-- Description of the task --
Your response to the data below should hold nothing except the lines from the one containing "The PwC GAA/GPA" down to the one containing "Preview 15 for", reproduced exactly and without pictures.

-- Entries supplied --
####################

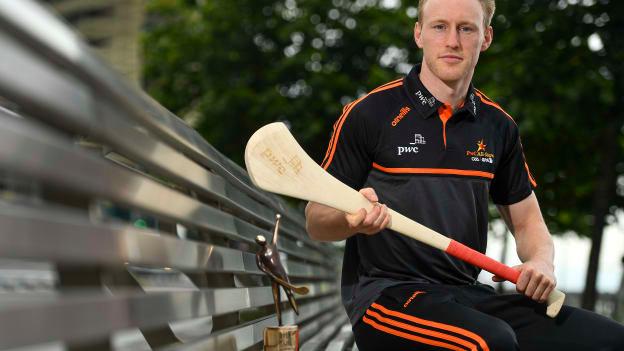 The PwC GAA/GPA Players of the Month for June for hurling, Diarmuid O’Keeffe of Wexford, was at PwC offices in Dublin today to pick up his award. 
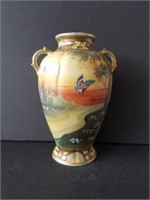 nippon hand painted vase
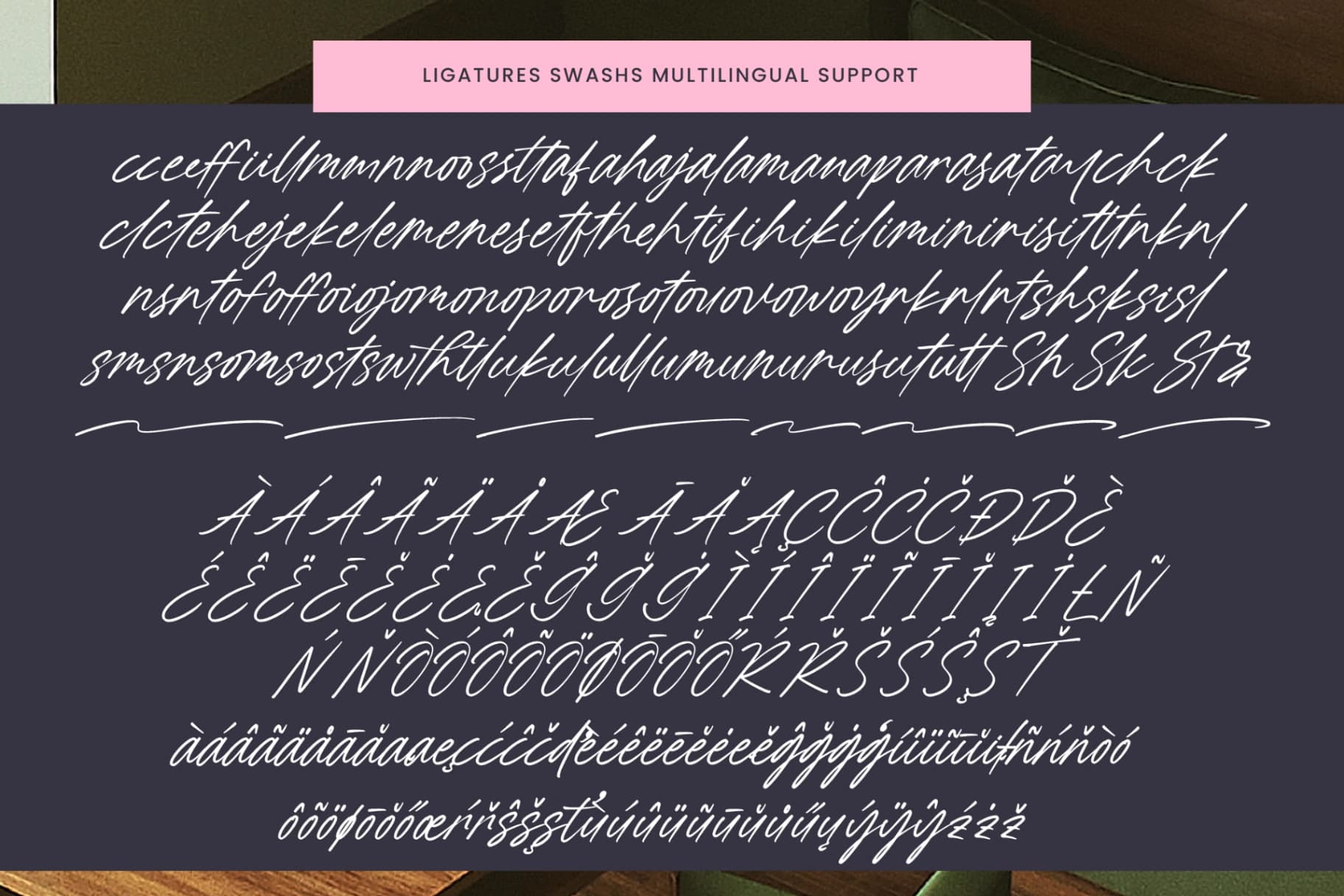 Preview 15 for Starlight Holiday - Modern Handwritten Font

####################

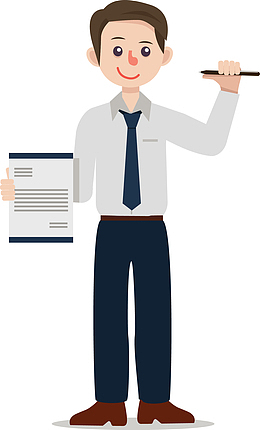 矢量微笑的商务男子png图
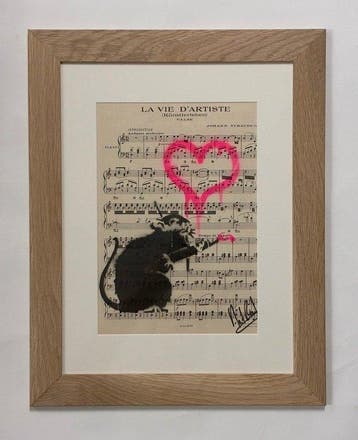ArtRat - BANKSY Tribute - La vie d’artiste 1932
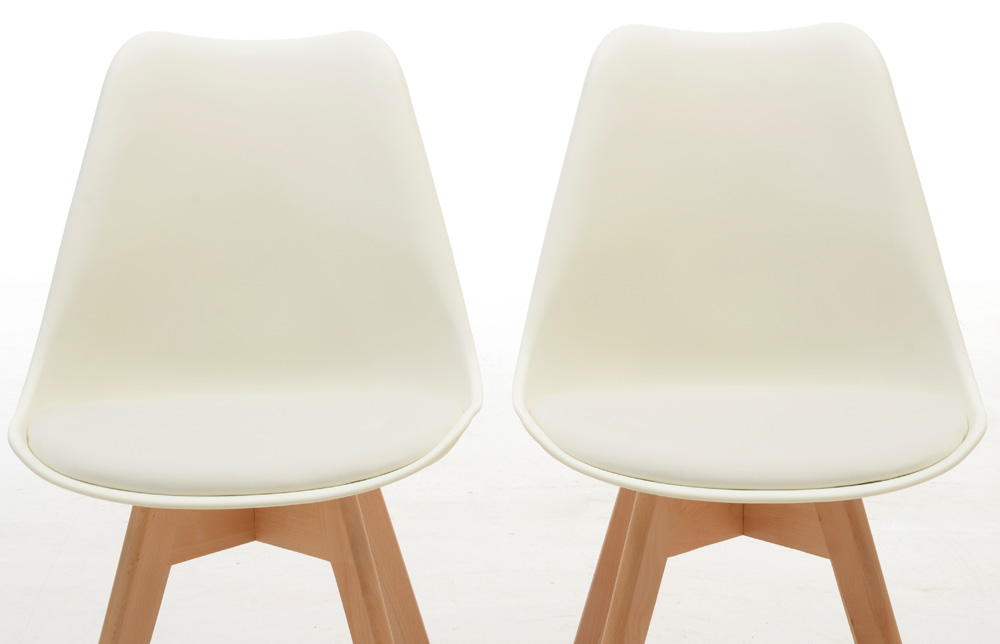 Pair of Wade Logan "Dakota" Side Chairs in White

####################

-- Reply --
 The PwC GAA/GPA Players of the Month for June for hurling, Diarmuid O’Keeffe of Wexford, was at PwC offices in Dublin today to pick up his award. 
 nippon hand painted vase
 Preview 15 for Starlight Holiday - Modern Handwritten Font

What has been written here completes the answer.